ROBERT CARLSON was introduced to glass by his good friend Tom Philabaum in 1980. He has been working on Bainbridge Island, Washington since 1987, where he lives with his wife Mary Fontaine-Carlson. Their daughter Nora Carlson is a recent graduate of Kenyon College of Gambier OH.
A teacher of many workshops, he has taught at the Pilchuck Glass School, Penland School of Crafts, Haystack Mountain School of Crafts, Bild-Werk and The Glass Furnace among other glass programs. He has been a visiting artist at California College of Arts and Crafts, California State University at Fullerton, Kent State University, University of Illinois, Hastings College, University of Miami and others. His work is represented in the collections of the Corning Museum of Glass, Los Angeles County Museum of Art, Toledo Museum of Art, Tampa Museum of Art, The Glass Museum, Glasmuseum Frauenau and others. Among his awards are a Lifetime Membership Award from the Glass Art Society, John Hauberg Fellowship at the Pilchuck School, National Endowment for the Arts Fellowship in 1990, a Visual Artists Residency at the Centrum Foundation in 1992 and many others. Mr. Carlson was president of the Glass Art Society from 1994-1996 and served on the board for 6 years. He also served on the board of the American Craft Council for 3 years as well as on the Artists Advisory Council of Pilchuck from 1989-90.

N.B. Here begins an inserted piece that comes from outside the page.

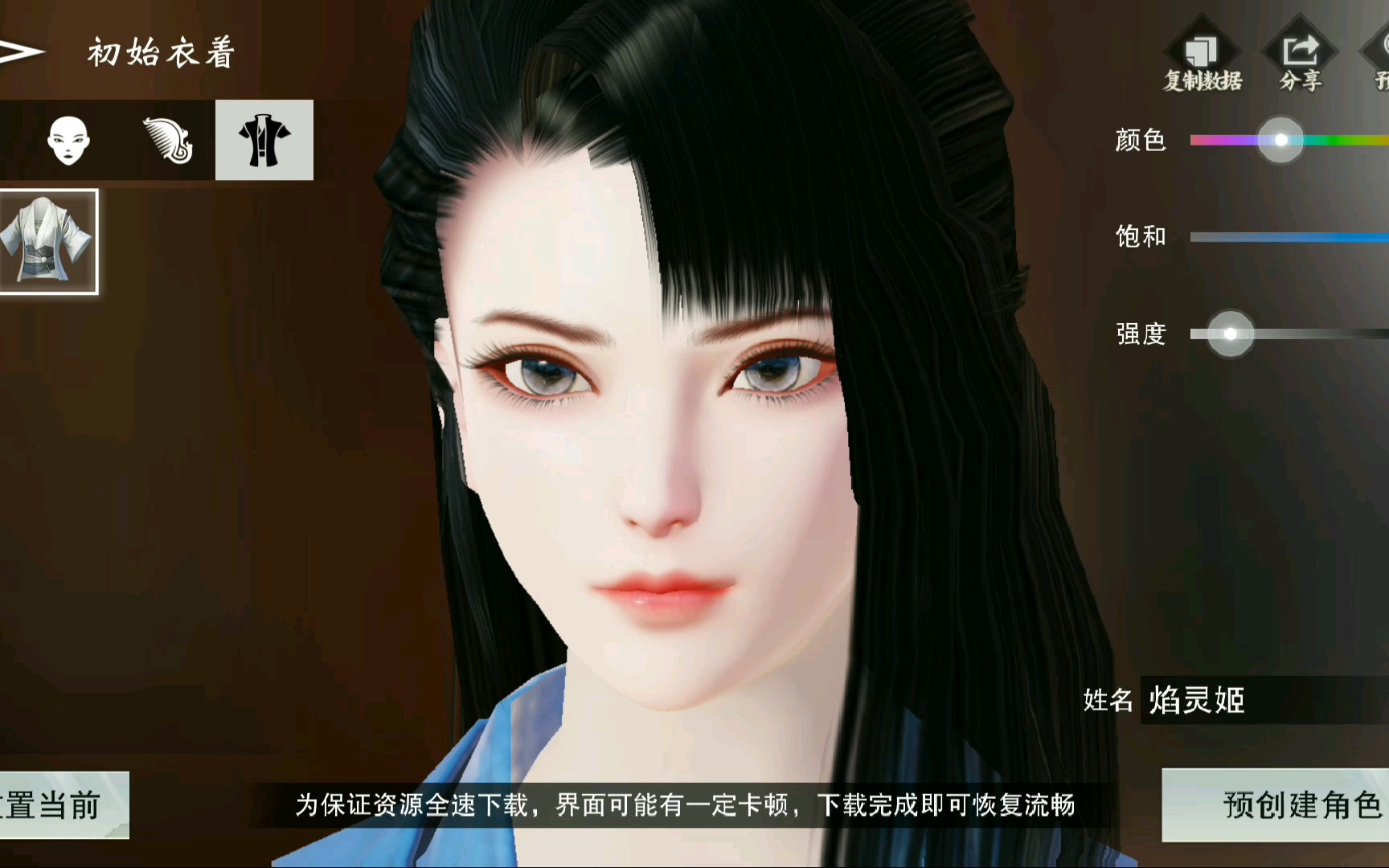 楚留香焰灵姬捏脸我被老婆美翻了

My pieces are three-dimensional narratives that are meant to be “grocked” (the term Robert Heinlein coined to express complete and immediate understanding) as opposed to “understood”. Unlike a written narrative, where a linear progression of words slowly brings the reader to the story and ultimately to an understanding, my sculptures present an entire narrative experience in a unique and more immediate visual format. To me this is the beauty and allure of painted glass sculpture.
The images and forms I use are archetypal and personal, iconographic and idiosyncratic. This is after all how we experience life, incorporating the largest conception of creation, a god concept, down through the cosmological, into the iconographic, then the identity markers of nationality, religion, gender and finally to the uniquely personal and mundane. Our moment-to-moment experience of being depends on where we place the emphasis on this continuum. One thing is certain, the more our experience feels like awe and incomprehension, the closer we are to the “god” end of the continuum!
While I have always loved the process of “glass blowing”, my sculptures had to be about more than just the glass and it’s inherent properties. Painting on glass has allowed me to transform this beautiful and seductive material into narrative sculptures that express the deep inner life that animates all human beings. The glass gives these sculptures form, but the paint gives them meaning. For me this is the most important part of my work.